Seven killed in Haiti coup bid
Haiti’s beleaguered government has thwarted an apparent coup attempt, with police recapturing the National Palace from armed men in a day of violence that killed at least seven people.
The attack prompted revenge attacks by supporters of President Jean-Bertrand Aristide, who took to the streets with machetes and torched the homes and offices of opposition leaders.
Police said 33 men stormed the palace in the capital, Port-au-Prince, in the hours before dawn yesterday, killing two police officers and later two passers-by as some of them fled.
Three other people, including one of the attackers, died as violence spread.
The police said they were searching for dozens of conspirators who escaped.
‘‘We have thwarted the coup, but it’s not all over,’’ Aristide said in a speech at the palace. ‘‘The Haitian people will not have to live in hiding ever again.’’
At the time of the attack, the president and his family were at their home in suburban Tabarre, three miles away from his office in the National Palace, said palace spokesman Jacques Maurice.
Haiti’s airports and border with Dominican Republic were closed, and airlines cancelled flights. The violence prompted the US Embassy to close and urge Americans in the impoverished Caribbean country to stay home.
After the attack, hundreds of Aristide supporters surrounded the palace, wielding machetes and shouting, ‘‘We’ll never accept another coup d’etat.’’
Police later arrested one wounded and heavily armed man in a pick-up truck on a road to Dominican Republic, police spokesman Jean-Dady Simeon said.
A government official said that in radio transmissions the attackers identified their leader as the former police chief of northern Cap-Haitien city, Guy Philippe, who fled to Dominican Republic last year with seven police officers accused of plotting a coup.
But Philippe called the media from Dominican Republic to deny any involvement, saying the attack was ‘‘a staged event to give a pretext for attacking the opposition’’.
Aristide became Haiti’s first democratically elected president in 1990 but was ousted by the army just eight months later.
He was restored to power in 1994 by US troops.

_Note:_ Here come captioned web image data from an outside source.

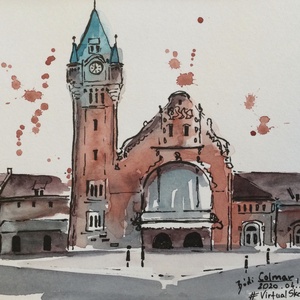 Colmar, Franciaország, Művészet, Festmény, Akvarell, Festészet, MESKA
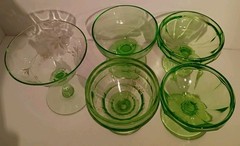 Vintage Misc 5 Green Depression Uranium Glass Stem Ware Glasses *Minor Fleabites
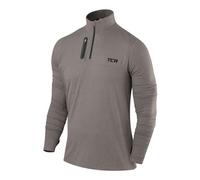 TCA Veste Running Homme Hiver - T Shirt Running Homme Manches Longues Quickdry Fusion Pro avec Fermeture Éclair à Mi-Poitrine pour Course Jogging - Gris Foncé/Gris Foncé, L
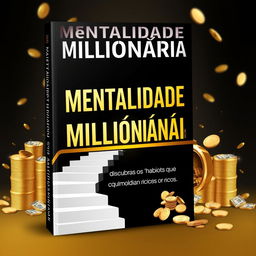 An eBook cover design titled "Mentalidade Milionária: Descubra os Hábitos que Moldam os Ricos" exuding success, luxury, and power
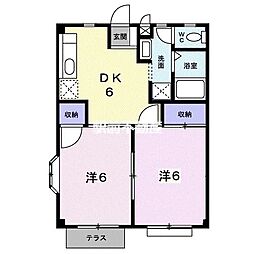 プライム駅東A 2DKの間取図画像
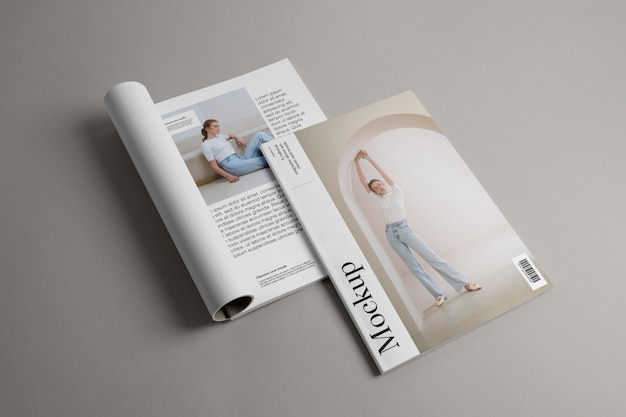 Magazines in studio mockup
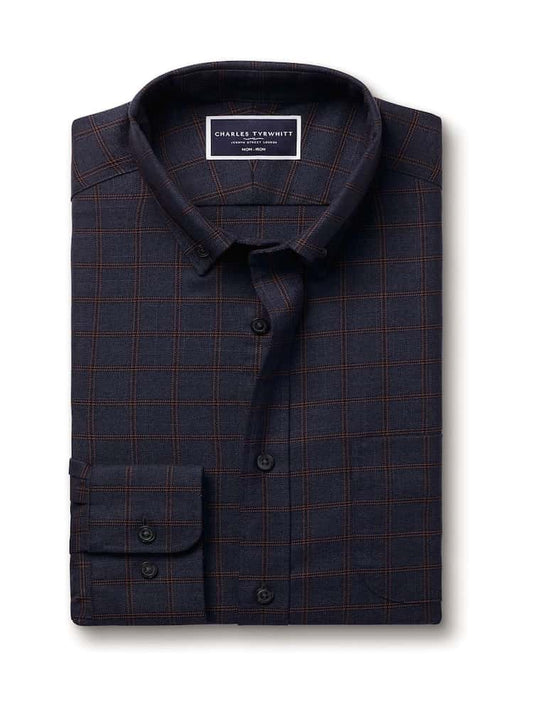 Non Iron Twill Cotton Check Slim Fit Shirt - Blue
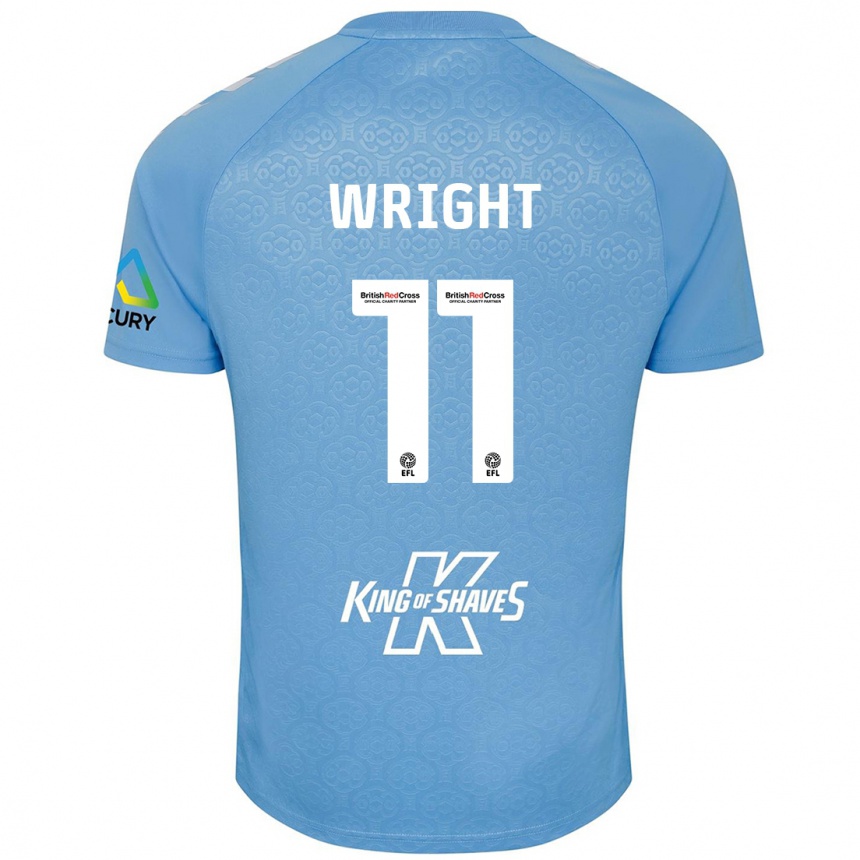 Kids Football Haji Wright #11 Blue White Home Jersey 2024/25 T-Shirt Nz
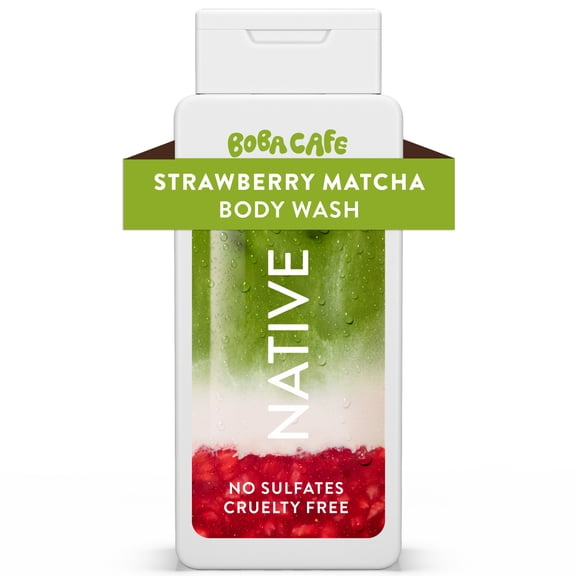Native Body Wash, Limited Edition Strawberry Matcha, Sulfate Free Body Wash for Women & Men, Boba Café, 18 fl oz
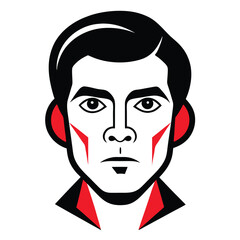 Create a minimalistic abstract face with bold, continuous black lines on a white background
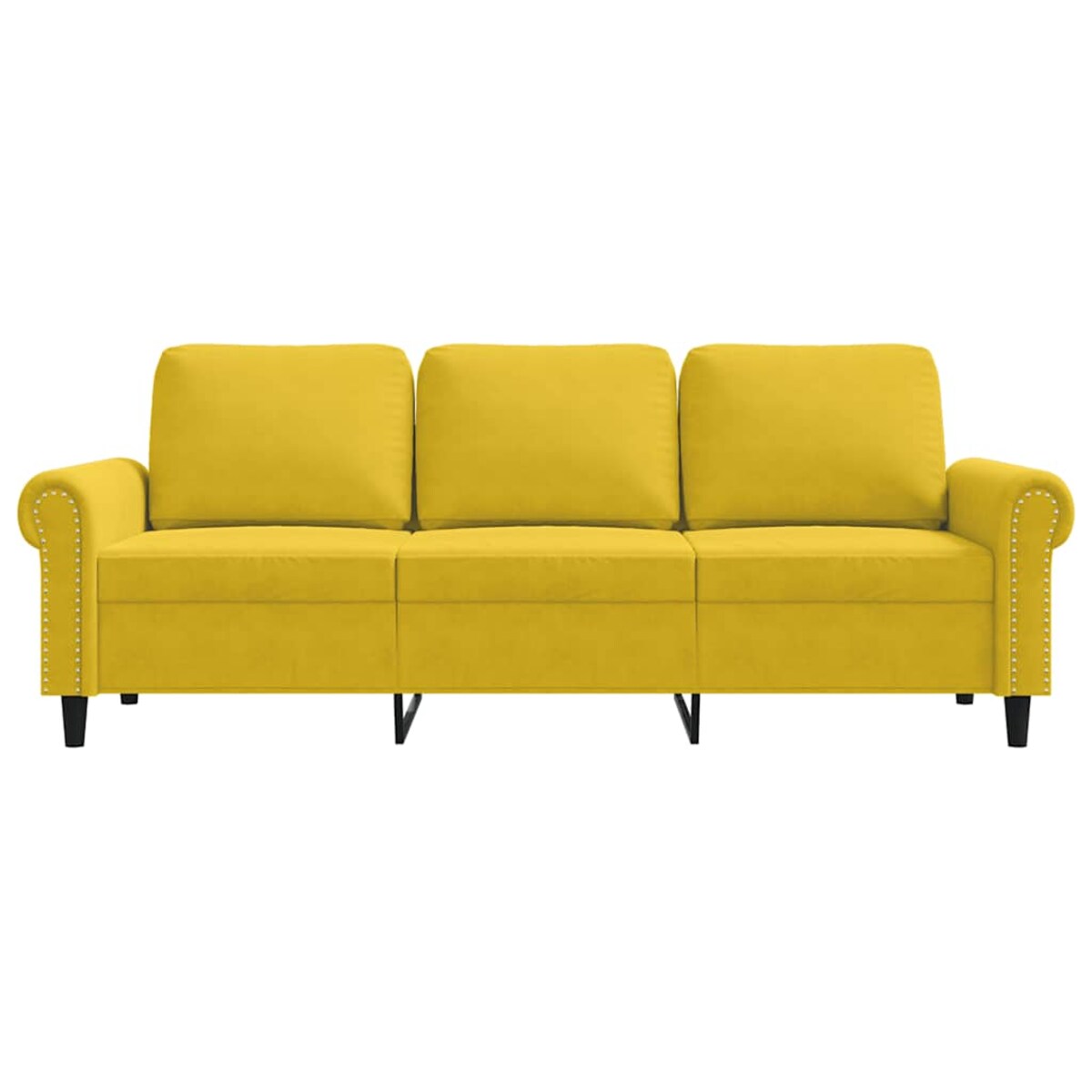 vidaXL Sofa 3-osobowa, żółty, 180 cm, tapicerowana aksamitem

When a term limit forced him to step down in 1996, he was replaced by his protege, Rene Preval.
Aristide was re-elected in November 2000 and began his second term in February.
Yesterday Aristide urged an end to the violence. But his followers took to the streets anyway, setting ablaze the headquarters of the Convergence opposition alliance in the capital and three buildings belonging to opposition parties.

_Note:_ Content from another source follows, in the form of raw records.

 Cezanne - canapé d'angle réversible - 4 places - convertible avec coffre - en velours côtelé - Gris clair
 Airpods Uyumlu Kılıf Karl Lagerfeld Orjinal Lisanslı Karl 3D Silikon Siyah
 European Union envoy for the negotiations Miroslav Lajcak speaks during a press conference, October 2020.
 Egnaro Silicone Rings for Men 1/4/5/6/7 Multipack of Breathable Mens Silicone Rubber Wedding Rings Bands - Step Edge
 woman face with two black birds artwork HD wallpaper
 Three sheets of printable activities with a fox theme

The homes of opposition leaders Gerard Pierre-Charles and Victor Benoit were burned down.
Aristide supporters also burned the home of opposition leader Luc Mesadieu in northern Gonaives city. Two men were killed there by the mob and their bodies were burned, independent Haiti Inter radio reported.
‘‘I don’t know what happened at the National Palace, but it has become a pretext to massacre the opposition,’’ said opposition leader Gerard Gourgue, who went into hiding in fear of his life.

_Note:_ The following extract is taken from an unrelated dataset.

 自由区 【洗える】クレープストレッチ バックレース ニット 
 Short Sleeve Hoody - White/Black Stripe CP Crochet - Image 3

The attack began when the armed men lobbed a grenade at the National Palace and opened fire as they entered, Maurice said. Two police officers were killed and six were injured, he said.
Some attackers fled the palace in a pick-up truck, national radio reported. The gunmen shot and killed two passers-by as they fled, witnesses said.
By mid-morning, police had regained control of the palace, shooting and killing one gunman. He, like others in the group, was dressed in the khaki fatigues of Haiti’s former army, which Aristide disbanded in 1995. The gunman’s body was shown on national television in a pool of blood.
Since Aristide’s Lavalas Family party swept parliamentary and local elections in May 2000, Haiti has been mired in unrest, with the opposition calling the elections fraudulent and foreign donors refusing to release hundreds of millions of dollars in aid until results are revised.
There also has been mounting grassroots opposition to Aristide within his party. Protesters accuse Aristide of failing to deliver on promises of basic services like sanitation and electricity.